The WHO currently recommends that all individuals coming into contact with MERS suspects should in addition to standard precautions:
- Wear a medical mask
- Wear eye protection (i.e. goggles or a face shield)
- Wear a clean, non sterile, long sleeved gown; and gloves (some procedures may require sterile gloves)
- Perform hand hygiene before and after contact with the person and his or her surroundings and immediately after removal of personal protective equipment (PPE)
For procedures which carry a risk of aerosolization, such as intubation, the WHO recommends that care providers also:
- Wear a particulate respirator and, when putting on a disposable particulate respirator, always check the seal
- Wear eye protection (i.e. goggles or a face shield)
- Wear a clean, non-sterile, long-sleeved gown and gloves (some of these procedures require sterile gloves)
- Wear an impermeable apron for some procedures with expected high fluid volumes that might penetrate the gown
- Perform procedures in an adequately ventilated room; i.e. minimum of 6 to 12 air changes per hour in facilities with a mechanically ventilated room and at least 60 liters/second/patient in facilities with natural ventilation
- Limit the number of persons present in the room to the absolute minimum required for the person's care and support
- Perform hand hygiene before and after contact with the person and his or her surroundings and after PPE removal.
The duration of infectivity of MERS-CoV is not fully understood, so it is unclear how long people must be isolated, but current recommendations are for 24 hours after disappearance of symptoms. In the 2003 SARS outbreak the virus was not cultured from people after the disappearance of their symptoms.
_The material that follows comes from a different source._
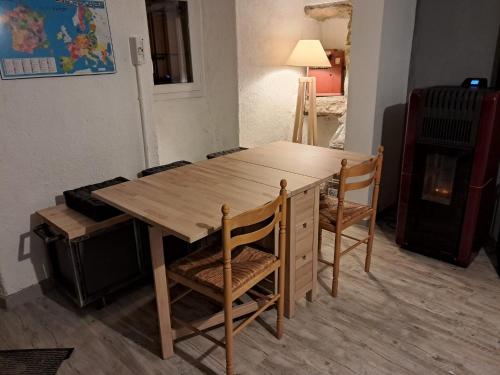 a wooden table and two chairs in a room at La Modestine in Lanuéjols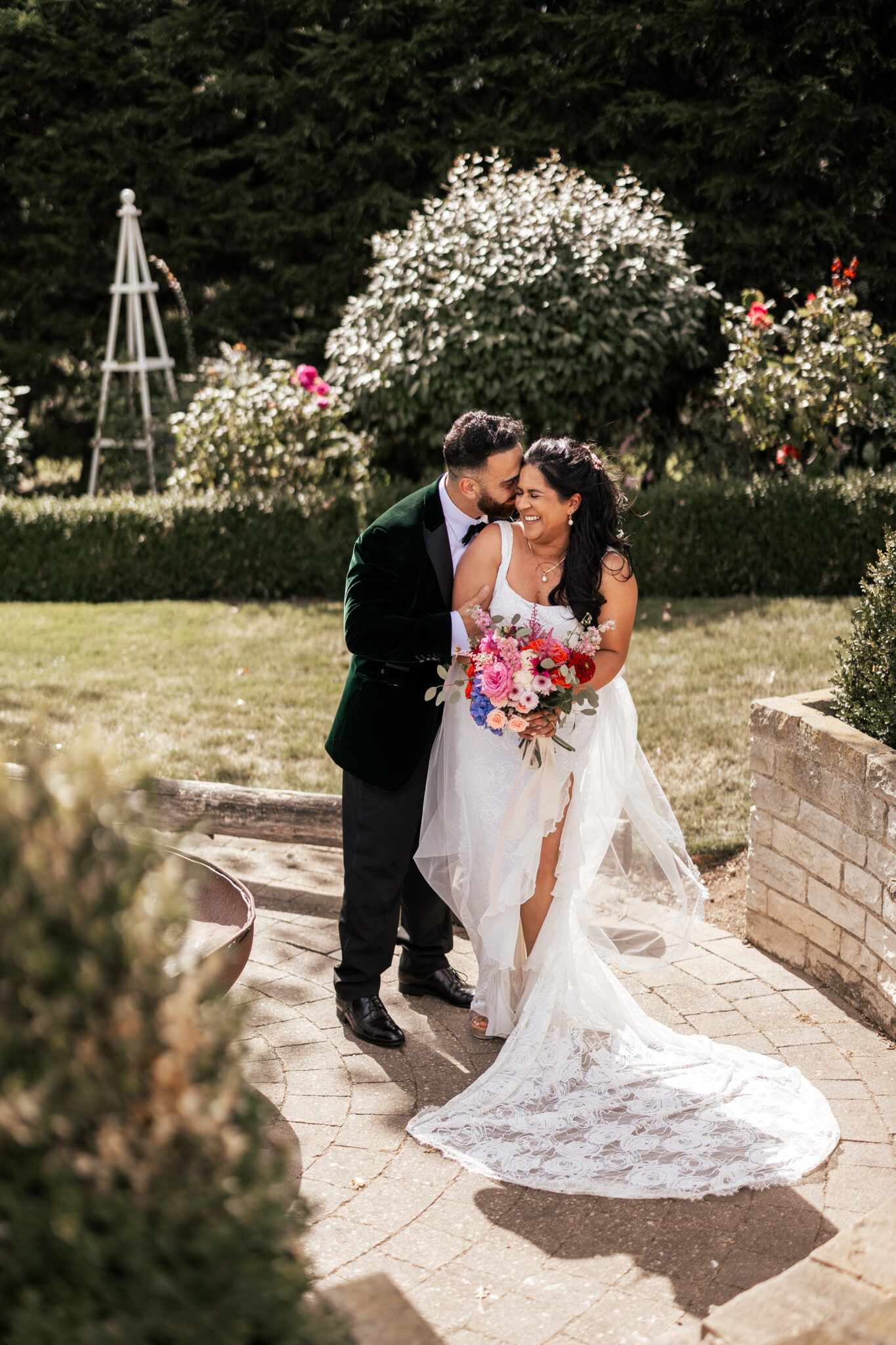 Newlyweds share a funny and romantic moment in the garden of a Kent wedding venue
Severe acute respiratory syndrome (SARS)
Clinical isolation and quarantine remain the most effective means to prevent the spread of SARS as there is still no vaccine available. Other preventive measures include:
- Disinfection of surfaces for fomites
- Avoiding contact with bodily fluids
- Washing the personal items of someone with SARS in hot, soapy water (eating utensils, dishes, bedding, etc.)
- Keeping children with symptoms home from school
- Simple hygiene measures
- Isolating oneself as much as possible to minimize the chances of transmission of the virus
During the outbreak in 2003, many public health interventions were made to try to control the spread of the disease. These interventions included earlier detection of the disease, isolation of infected people, droplet and contact precautions, and the use of facemasks and isolation gowns. A screening process was also put in place at airports to monitor air travel to and from affected countries. Although no cases have been identified since 2004, the WHO and CDC arel working to make rapid response guidelines and recommendations in the event of a reappearance of the virus.